- Exercise aim
Exactly as written, write out the lines below from the first to the one containing "Borsa a mano", inclusive. Pictures do not belong in the copy.

..........

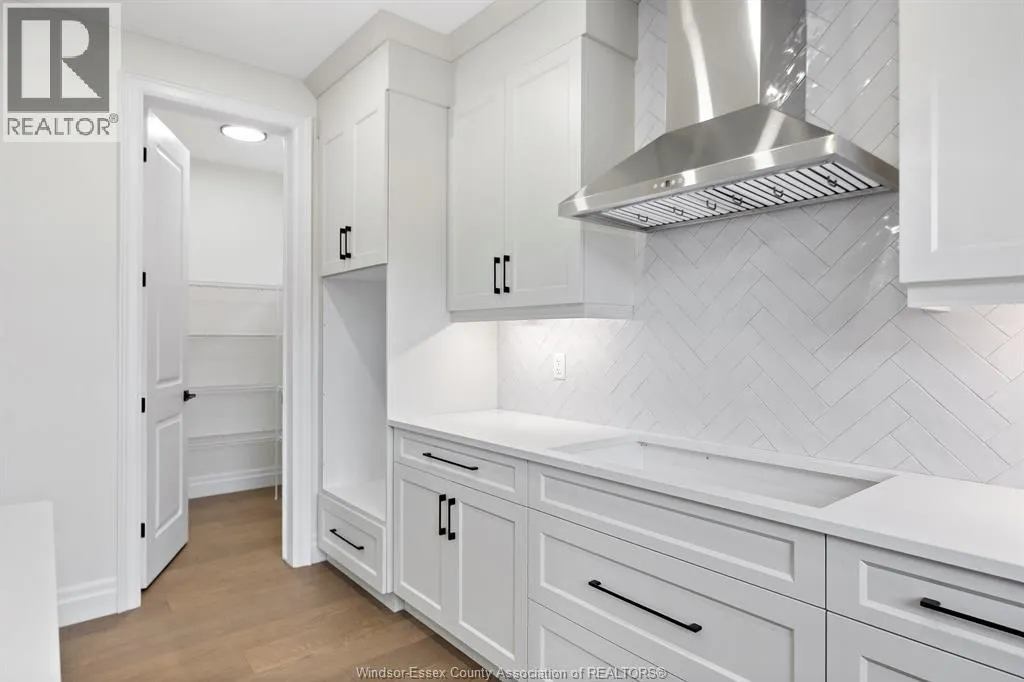 545 ORCHARDS CRESCENT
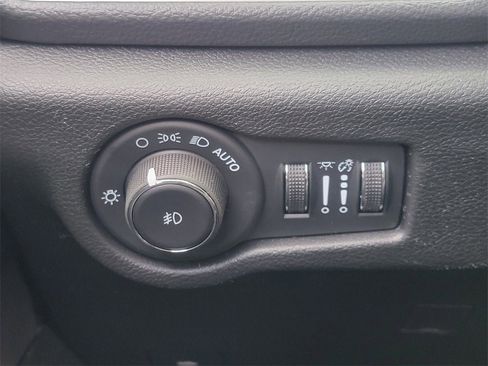 New 2026 Chrysler Pacifica Select image 11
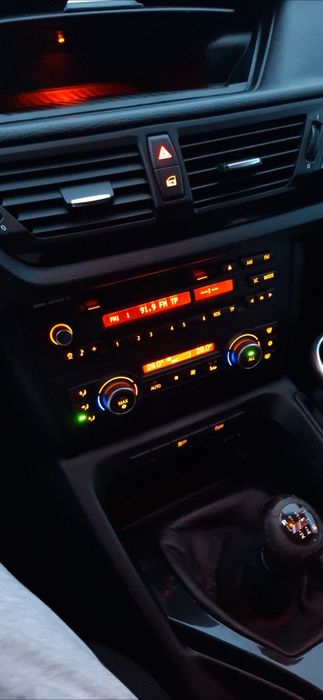 Vand BMW X1 an 2012 2.0 diesel manual 6+1 143cp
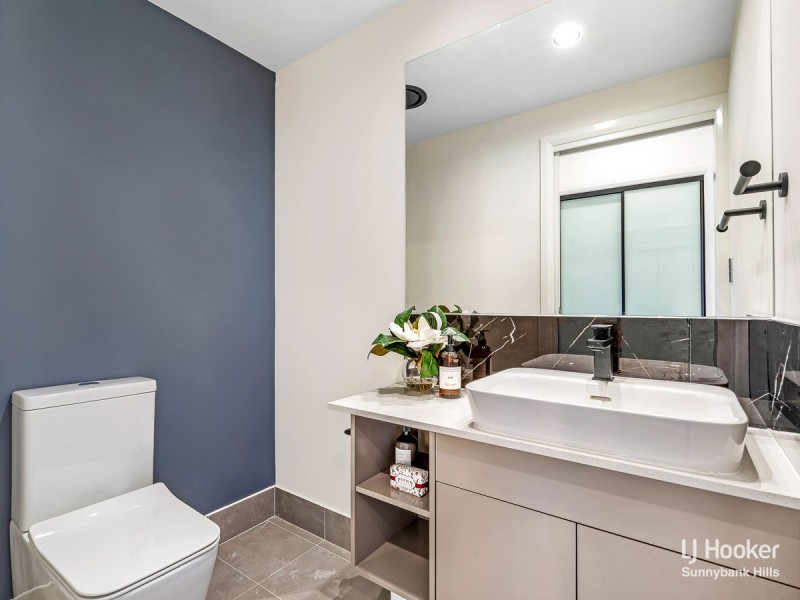 8 Peridot Place, Rochedale QLD 4123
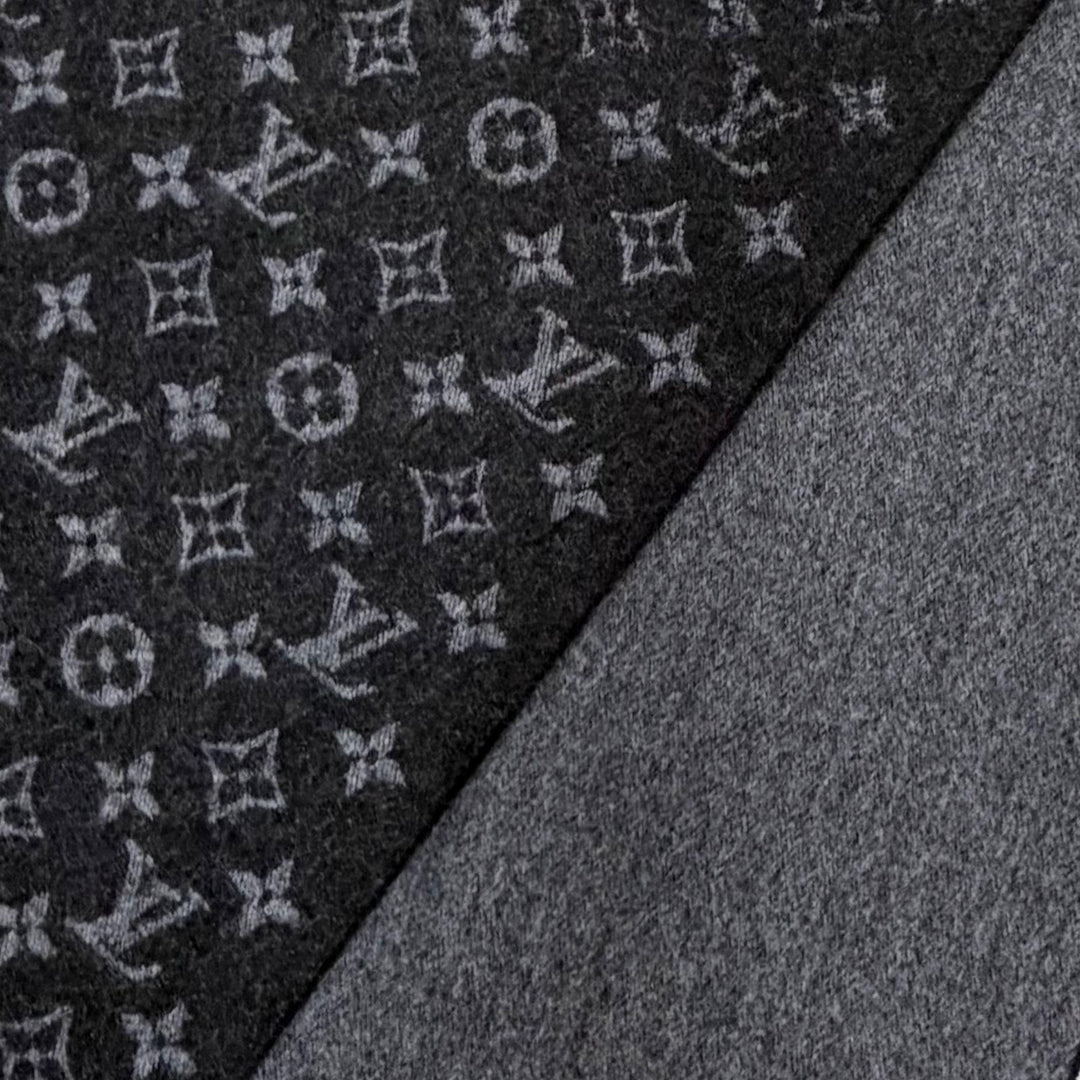 Excellent LOUIS VUITTON Scarf Escharp monogram gradient black cashmere M71607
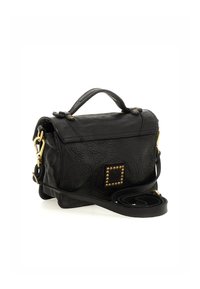 Borsa a mano in pelle nera con finitura testurizzata, hardware dorato, manico superiore, tracolla regolabile e un accento decorativo di borchie sul davanti.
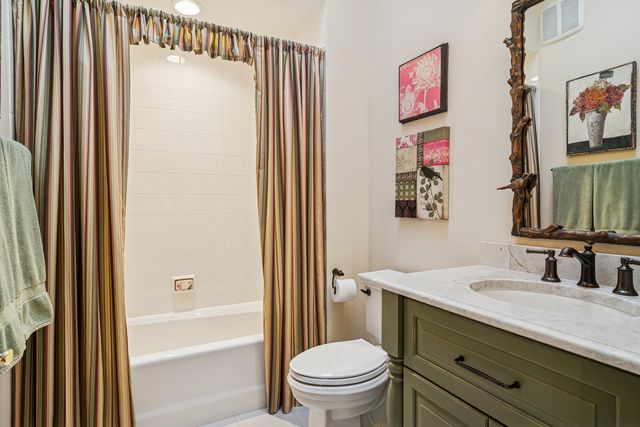 1520 Macalpin Circle, Inverness, IL 60010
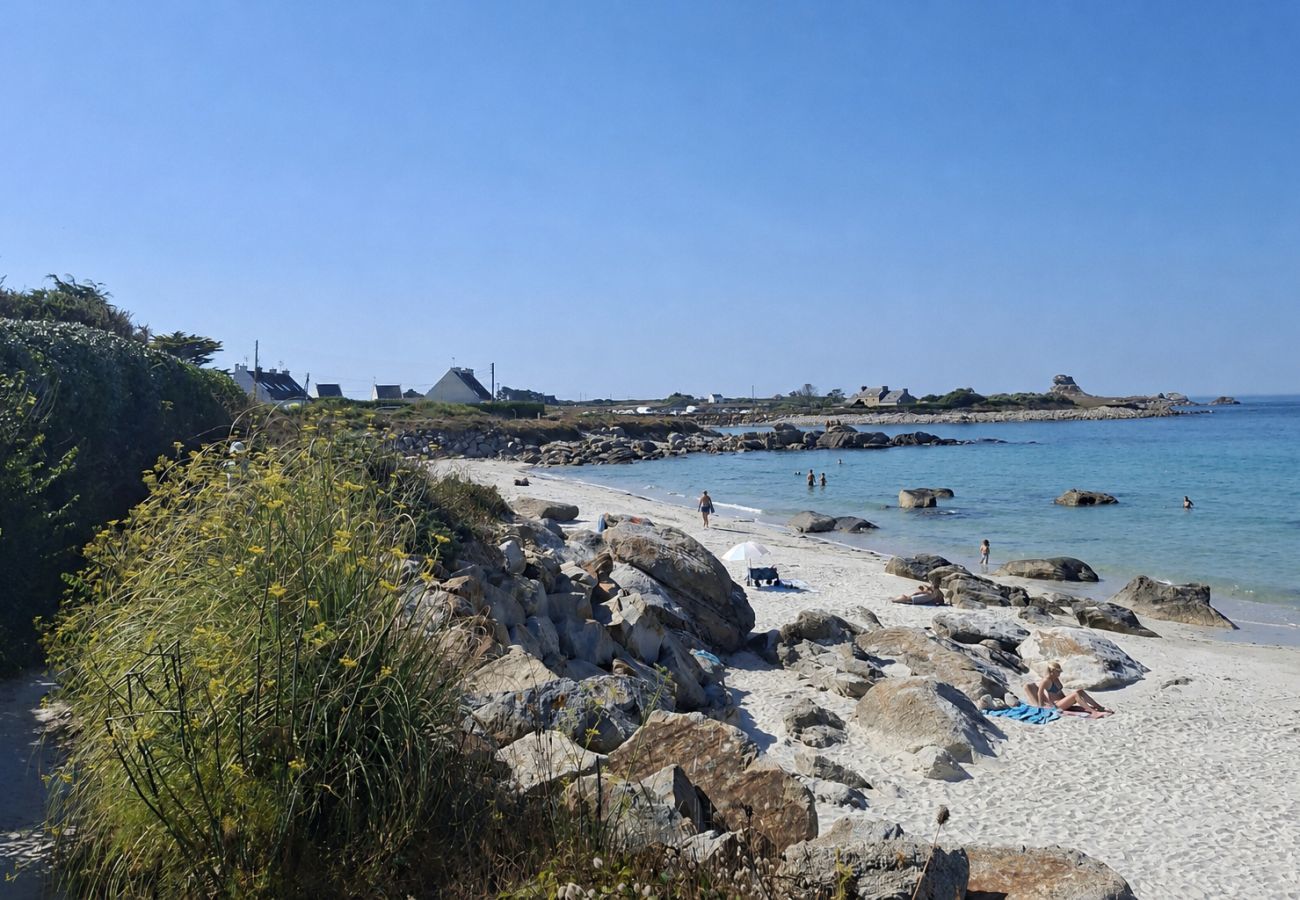 Casa en Plouguerneau - Casa para 4, Jacuzzi y jardín, playa a 200 m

..........

- Reply
 545 ORCHARDS CRESCENT
 New 2026 Chrysler Pacifica Select image 11
 Vand BMW X1 an 2012 2.0 diesel manual 6+1 143cp
 8 Peridot Place, Rochedale QLD 4123
 Excellent LOUIS VUITTON Scarf Escharp monogram gradient black cashmere M71607
 Borsa a mano in pelle nera con finitura testurizzata, hardware dorato, manico superiore, tracolla regolabile e un accento decorativo di borchie sul davanti.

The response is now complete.